The cardinality of $\mathbb{N}$ is usually denoted by $\aleph_0$ (aleph-null), since it is the smallest aleph number. The properties of other aleph numbers and of infinite cardinal numbers in general depend on statements independent of Zermelo–Fraenkel set theory, such as the axiom of choice and the continuum hypothesis. For example, all infinite cardinal numbers are aleph numbers if and only if the axiom of choice is true.

Cardinality is studied for its own sake as part of set theory. It is also a tool used in branches of mathematics including model theory, combinatorics, abstract algebra and mathematical analysis. In category theory, the cardinal numbers form a skeleton of the category of sets.

== Motivation ==
A natural number can be used for two purposes: to describe the size of a set, or to describe the position of an element in a sequence. These two notions diverge when generalized to infinite sets and sequences, with the position aspect leading to ordinal numbers, and the size aspect leading to cardinal numbers.

When considering the size of a set, the identities of individual members should be abstracted away; changing these individual members should not affect the size of the set, as long as they remain distinct from each other. For example, the set $\{1,2,3\}$ has three elements, so when one replaces its members following the mapping $\{1 \mapsto 4, 2 \mapsto 5, 3 \mapsto 6\}$, the resulting set $\{4,5,6\}$ still has three elements. It is reasonable to further postulate that two sets $X$ and $Y$ have the same size if and only if such a mapping—a bijection—exists from $X$ to $Y$. This is exactly how the formal concept of cardinality is defined.

Sameness of cardinality is an equivalence relation. It is sometimes referred to as equipotence, equipollence, or equinumerosity. It is thus said that two sets with the same cardinality are, respectively, equipotent, equipollent, or equinumerous. Every equivalence class of sets under equinumerosity corresponds to a cardinal number.

For finite sets, cardinal numbers defined this way agree with the intuitive notion of numbers of elements (as a natural number), but infinite sets exhibit more complex behaviors. A classic example is Hilbert's paradox of the Grand Hotel, which uses the following mapping:
 1 ↦ 2
 2 ↦ 3
 3 ↦ 4
 ...
 n ↦ n + 1
 ...
This is a bijection between the sets $\{1,2,3,...\}$ and $\{2,3,4,...\}$, and thus they have the same cardinality $\aleph_0$, despite the second being a proper subset of the first. Therefore the intuition that the size of a proper subset of $X$ is always strictly less than the size of $X$ is usually (Note: More precisely, this statement is valid exactly for Dedekind-finite sets $X$.) only valid for finite sets. Conversely, this also shows that $\aleph_0 + 1 = \aleph_0$ (the cardinality of $\{2,3,4,...\}$ plus the cardinality of $\{1\}$ is equal to the cardinality of $\{1,2,3,...\}$), and thus the "plus one" operation does not always construct a new cardinal number as it does for natural numbers.

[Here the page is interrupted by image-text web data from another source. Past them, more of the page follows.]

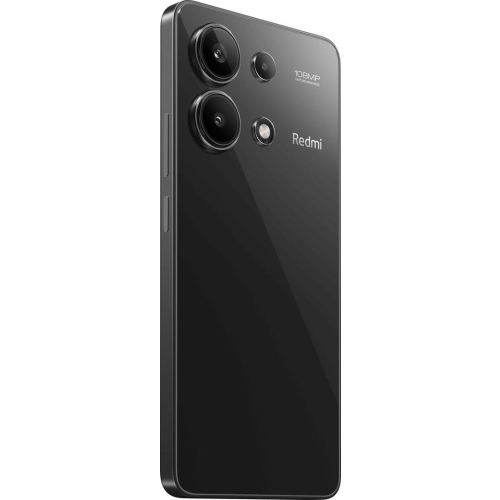 Smartfon Xiaomi Redmi Note 13 8/256GB Midnight Black brak NFC (OUTLET)-23971936
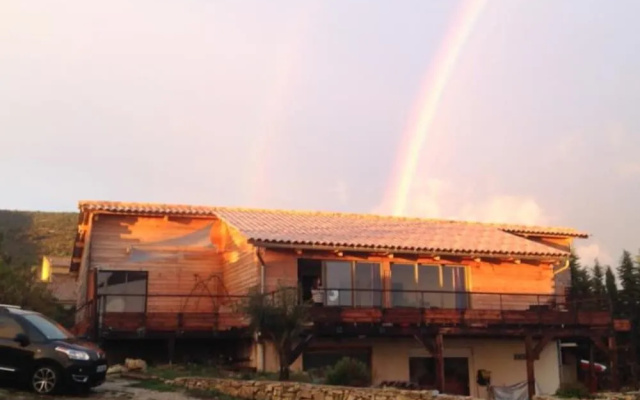 Le Lodge du Lapin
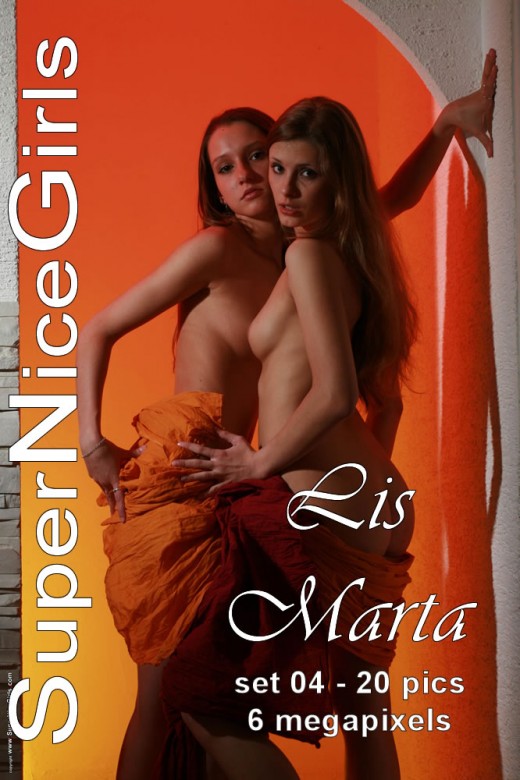 Lis & Marta - `Set #4` - by Jacques Claessen for SUPERNICEGIRLS Lis & Marta - `Set #4` - by Jacques Claessen for SUPERNICEGIRLS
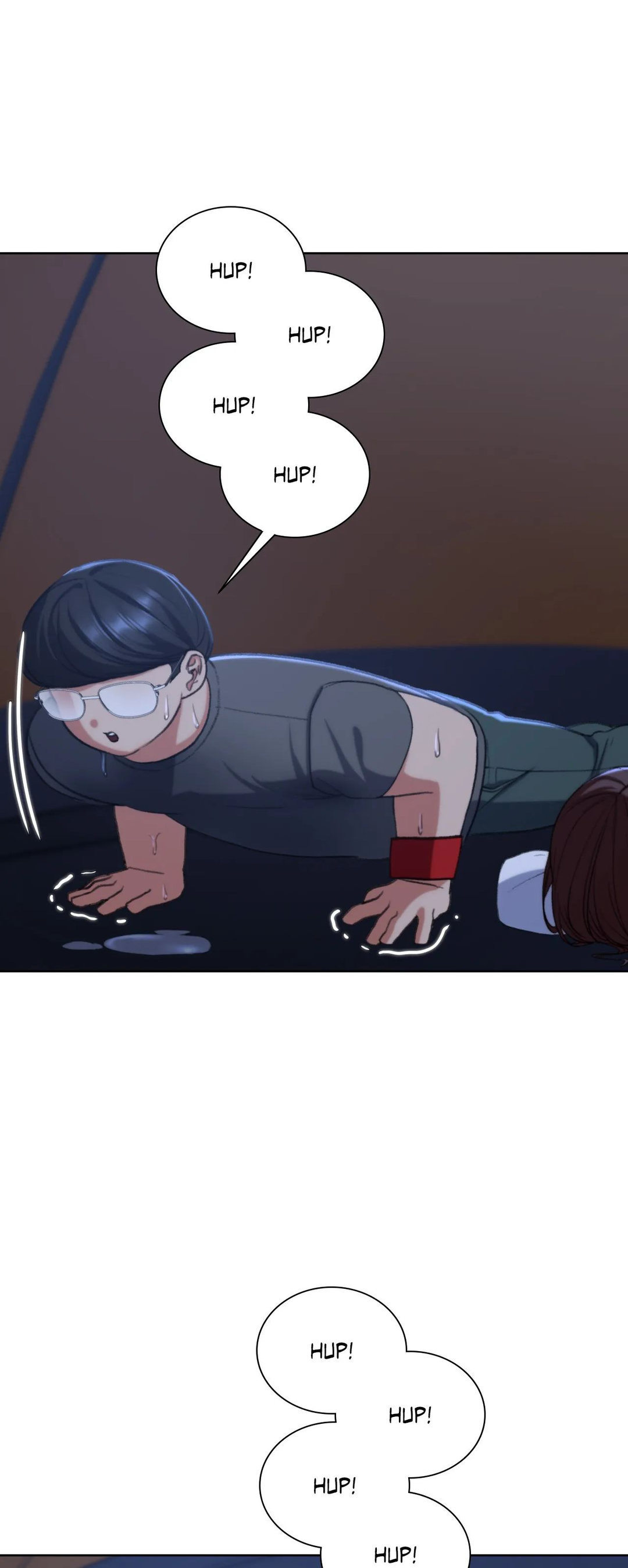 Seniors of Class 5 Chap chap 34-Seniors of Class 5 - Next Chap 35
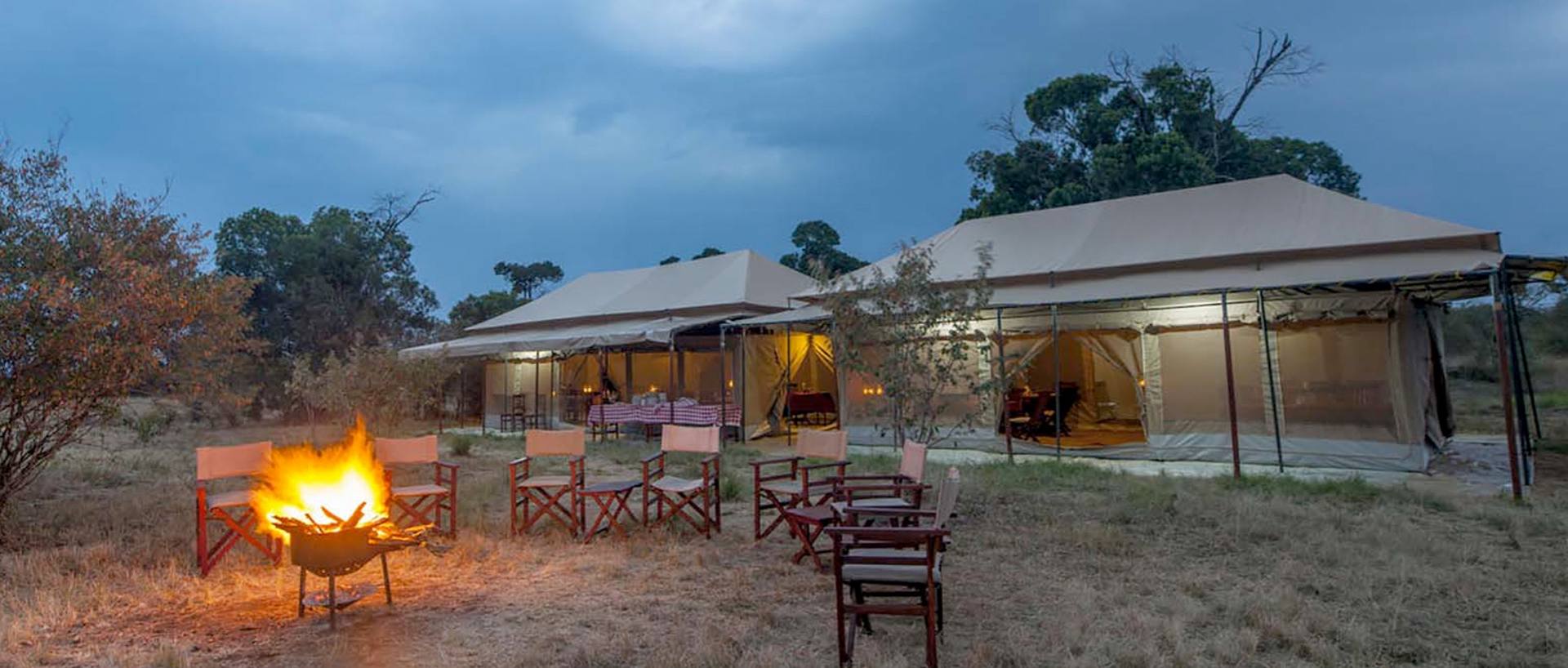 Acacia Migration Camp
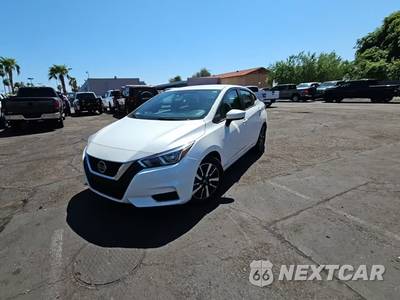 2022 Nissan Versa SV - zdjęcie 1 z 30 - miniatura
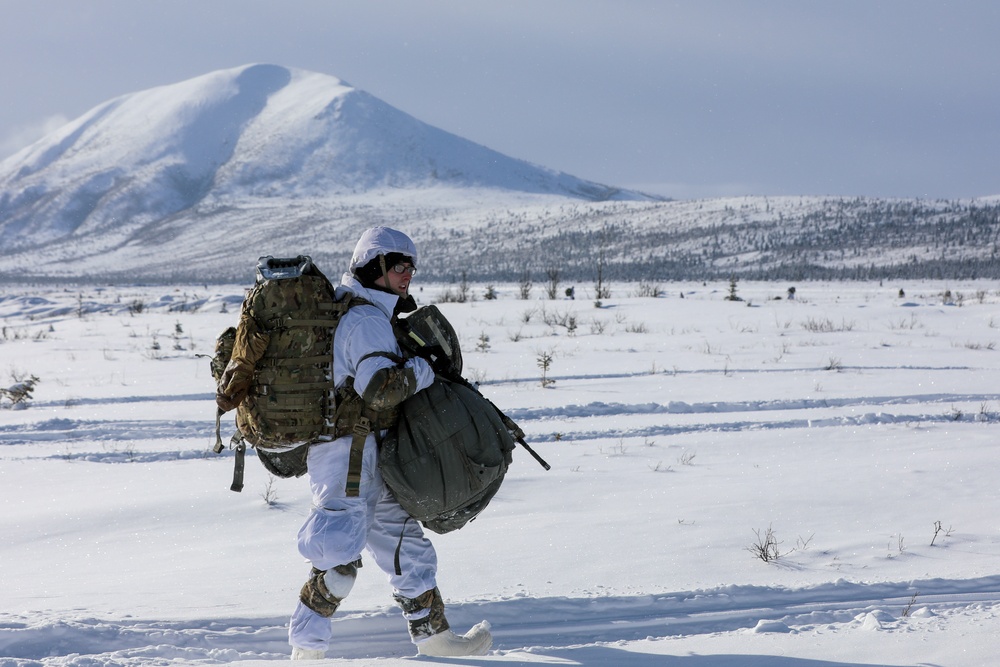 Spartans Conduct Airborne Operation into JPMRC 22-02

However, Cantor's diagonal argument shows that the power set operation always results in a strictly greater cardinality, allowing one to construct a larger cardinal number from any infinite cardinal number. For example, it can be shown that the cardinality of the set of real numbers is equal to $2^{\aleph_0}$, and thus there are strictly more real numbers than natural numbers.

== Cardinality function ==
The cardinality function is a cardinal function that takes in a set $A$ and returns its cardinal number: $A \mapsto \vert A \vert$. However, it is somewhat difficult to define "cardinal number" formally, especially for infinite sets. Therefore, cardinal numbers are not usually thought of in terms of their formal definition, but immaterially in terms of their arithmetic/algebraic properties. The only fundamental requirement on a cardinality function $A \mapsto |A|$ is:
$$A \sim B \iff |A| = |B|.$$
The assumption that there is some function that satisfies this requirement is sometimes called the axiom of cardinality or Hume's principle. It will be shown later that such a function can be constructed without the need to define it axiomatically.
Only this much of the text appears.